Organization attributes
Other attributes
MLCommons is a collaborative open engineering consortium focused on developing the AI ecosystem through benchmarks, public datasets, and research. MLCommons' mission is to accelerate machine learning (ML) innovation and increase its positive impact on society. While AI and ML have been around for decades, the technology is often fragmented, bespoke, and poorly understood. MLCommons aims to unlock the next stage of ML adoption by creating useful measures of quality and performance, large-scale open data sets, and common development practices and resources. MLCommons believes its efforts will help democratize ML and enable its widespread adoption into new products and services, growing ML from a research field into a mature industry.

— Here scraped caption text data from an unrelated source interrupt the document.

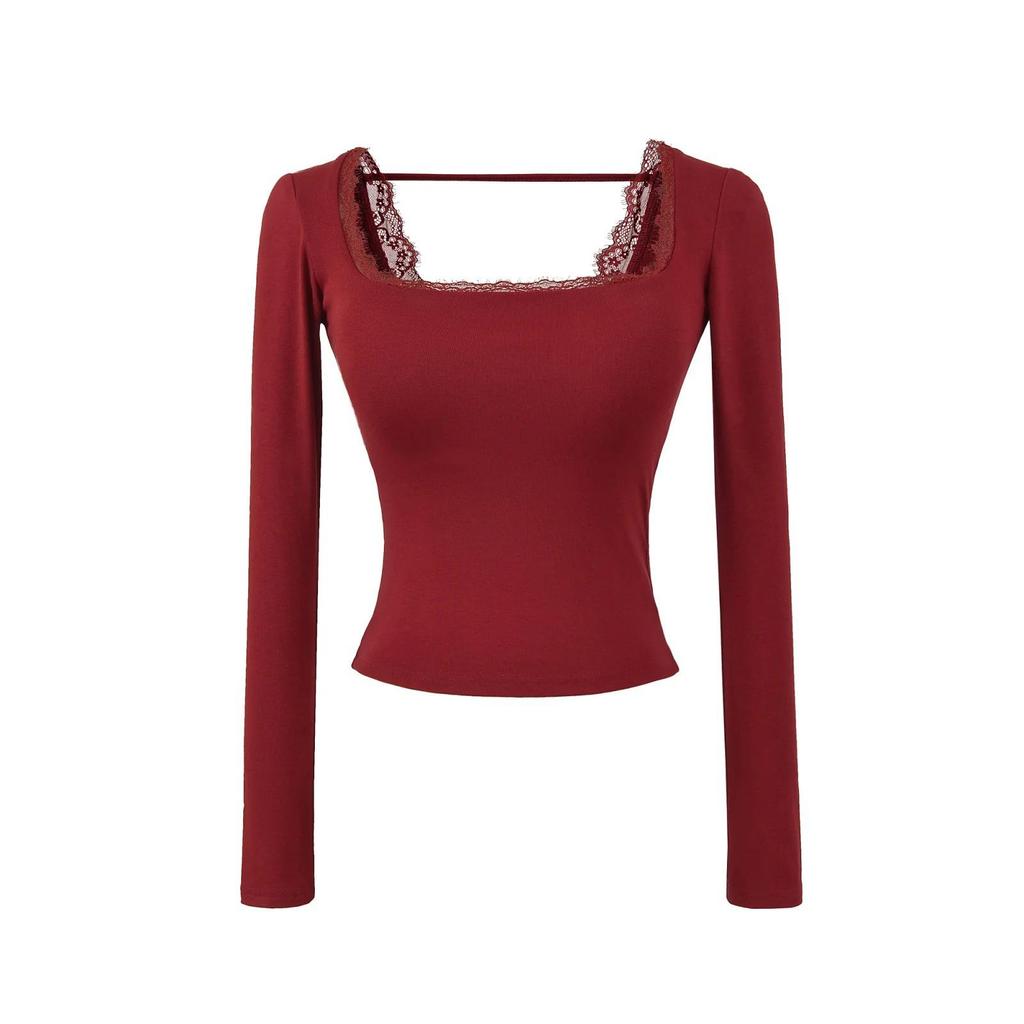 Women's Pure Desire Lace Trim Long Sleeve Slim Fit Top with Chest Pads - Ideal for Spring and Autumn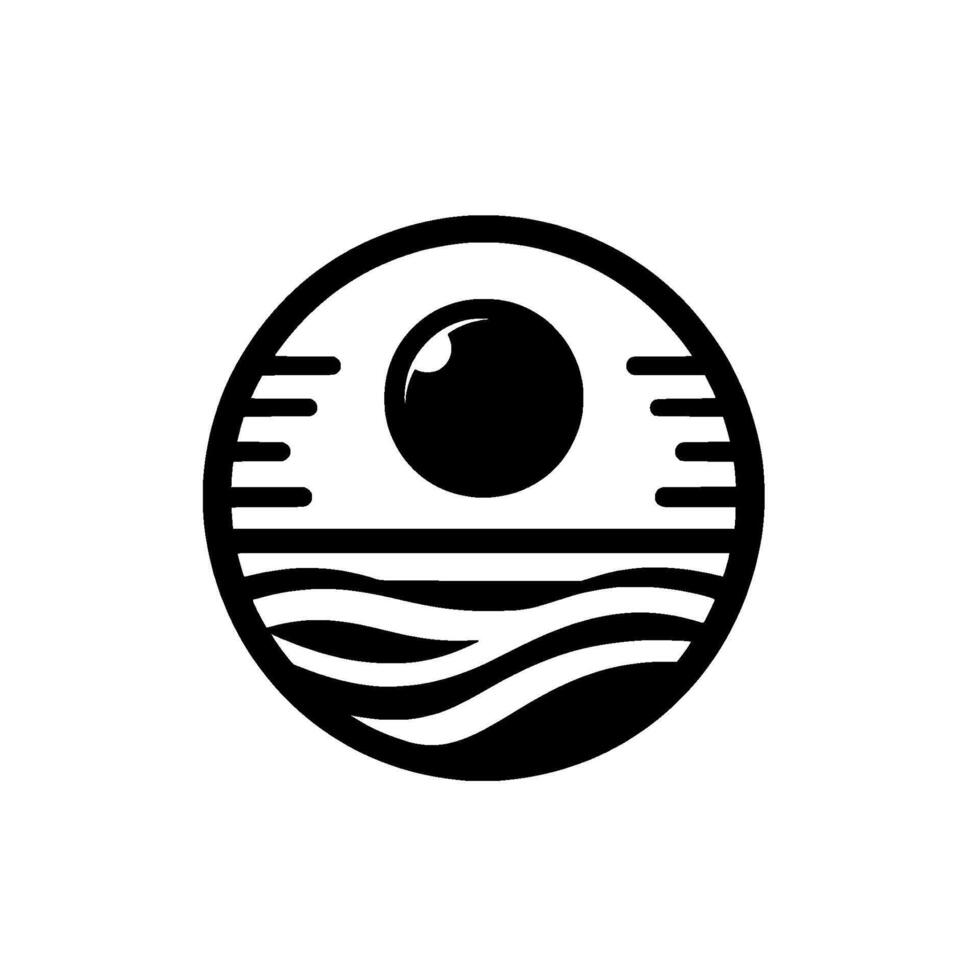 Monochromatic Circular Emblem Abstract Representation of Sunset Over the Ocean with Geometric Waves and Horizontal Lines. vector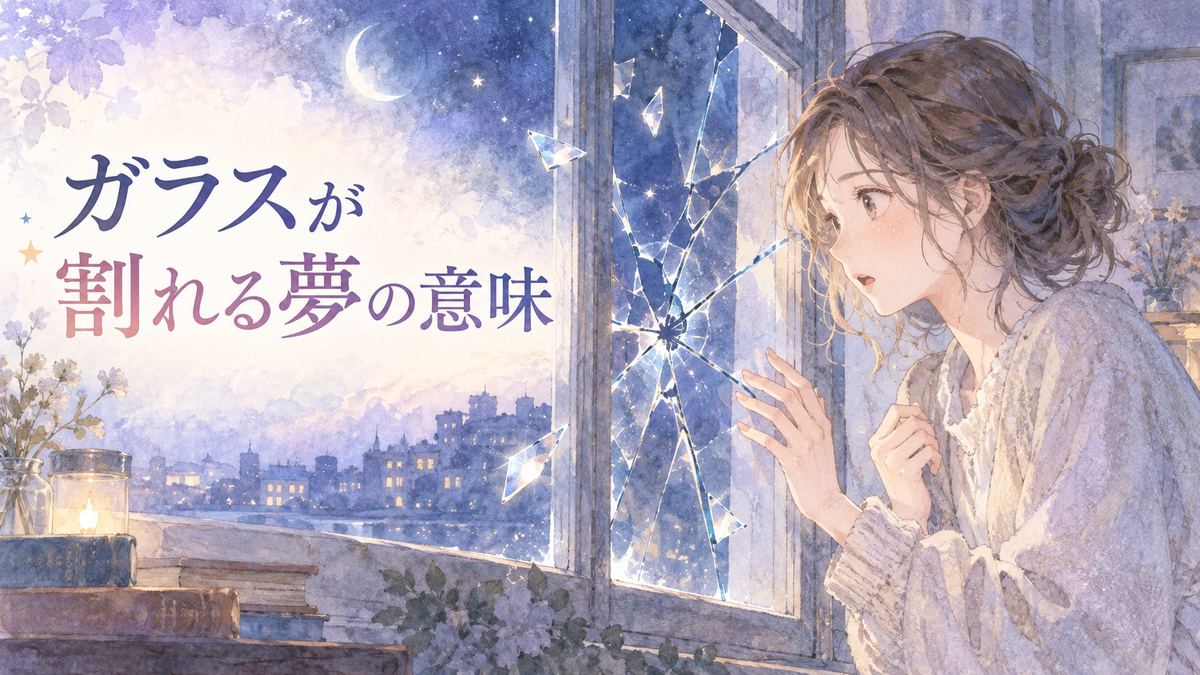 夜の部屋でひび割れた窓を見つめる大人の女性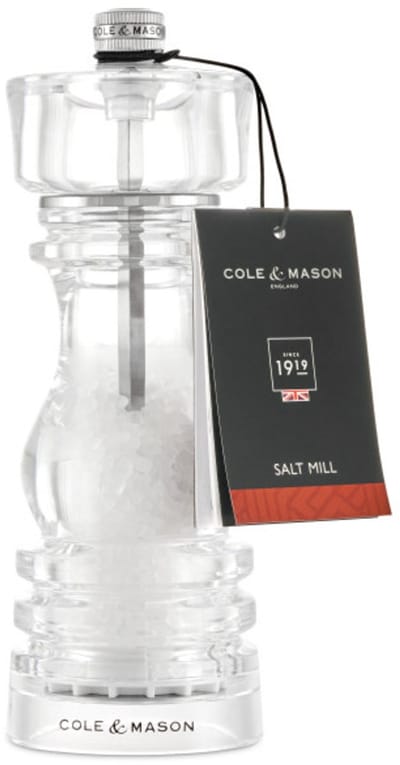 Cole & Mason London Zoutmolen – 18 cm – Transparant Acryl – Precision Maalwerk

Founded in 2020 and headquartered in San Francisco, MLCommon's history goes back to the MLPerf benchmark in 2018. The MLPerf benchmark quickly grew into a suite of industry metrics for measuring machine learning performance and promoting transparency of machine learning techniques. Starting with over fifty founding partners, MLCommons is a community-driven and community-funded effort. Its members include start-ups, leading companies, academics, and nonprofits from around the world. MLCommons promotes open-source and open data development, with most of its software projects available under the Apache 2.0 license and its datasets using CC-BY 4.0.
MLCommons has five key principles:
- Grow ML markets and make the world a better place
- Get everyone involved (be global, inclusive, and fair; bring together academia, small companies, large companies, non-profits, etc; make it easy to get involved; be as open with its IP as possible while sustaining the community)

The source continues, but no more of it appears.